I tested with that yes, I can try remove the already programmed totals
and see if it's only 0x300c that makes a difference

>
> > Also, be careful about register 0x300c which you don't seem to program
> > at the moment.
>
> I do, it's register 0x342.

Do you know why registers are mirrored ? I haven't find any reference
to register shadowing in the manual.

>
> > And it seems the integration time depends on this register value
> >
> > - CIT = 0x3012
> > - LLPCK = 1/2 × reg_300C
> > - Integration Time = (CIT × LLPCK) / pix_clk
> >
> > Are you able to control exposure properly with your version ?
>
> Definitely.
>
> >> +static int ar0521_set_gains(struct ar0521_dev *sensor)
> >> +{
> >> + int green = sensor->ctrls.gain->val;
> >> + int red = max(green + sensor->ctrls.red_balance->val, 0);
> >> + int blue = max(green + sensor->ctrls.blue_balance->val, 0);
> >
> > unsigned ?
>
> The ctrls.* (R and B) can be negative.
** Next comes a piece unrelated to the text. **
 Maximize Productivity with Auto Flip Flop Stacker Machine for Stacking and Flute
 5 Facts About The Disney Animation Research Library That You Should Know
I'm not sure mixing types here
> would be the right thing (I'd have to check with the C standard, and
> anyone reading this later would probably need it as well).
> With signed ints it's simply correct.

Ah, I missed the v4l2 ctrls definition.

>
> >> + unsigned int gain = min(red, min(green, blue));
> >> + unsigned int analog = min(gain, 64u); // range is 0 - 127
> >
> > Nit: when possible declare variables in reverse xmas-tree order
>
> Not very possible here, right? Unless you want to split into
> declarations and calculations. Readability IMHO suffers.

Not here, but in general it is.

>
> >> +static int ar0521_write_mode(struct ar0521_dev *sensor)
> >> +{
> >> + __be16 pll_regs[] = {
> >> + be(AR0521_REG_VT_PIX_CLK_DIV),
> >> + /* 0x300 */ be(4), // vt_pix_clk_div = number of bits / 2
> >> + /* 0x302 */ be(1), // vt_sys_clk_div
> >> + /* 0x304 */ be((sensor->pll_pre2 << 8) | sensor->pll_pre),
> >> + /* 0x306 */ be((sensor->pll_mult2 << 8) | sensor->pll_mult),
> >> + /* 0x308 */ be(8), // op_pix_clk_div = 2 * vt_pix_clk_div
> >> + /* 0x30A */ be(1) // op_sys_clk_div
> >> + };
> >> + u32 num = sensor->current_frame_interval.numerator;
> >> + u32 denom = sensor->current_frame_interval.denominator;
> >> + int ret;
> >> +
> >> + dev_dbg(&sensor->i2c_client->dev, "%s()\n", __func__);
> >
> > tracepoints debug are not that useful if they do not report what has
> > been written, aren't they ?
>
> This is only to see what the upper layer is doing. I have already
> removed (moved to private commit) the I2C write debug routine. Out of
> sight, out of mind :-(
>
> > I comment here but that's mostly about the exposure control
> > definition. You initialize it with a value of 1, which means 1 line of
> > exposure which result in very dark images. I know userspace should be
> > in control of this, but a more sensible default value should probably
> > be used. Do you have a 'default' mode ? Could you set the default
> > exposure to something a bit larger (I know it's hard to define what a
> > sensible value could be, but 1 line is certainly very small)
>
> What do you propose?

Being this a raw sensor, it's probably fine to assume exposure will be
manually adjusted later. I'll defer this to maintainers.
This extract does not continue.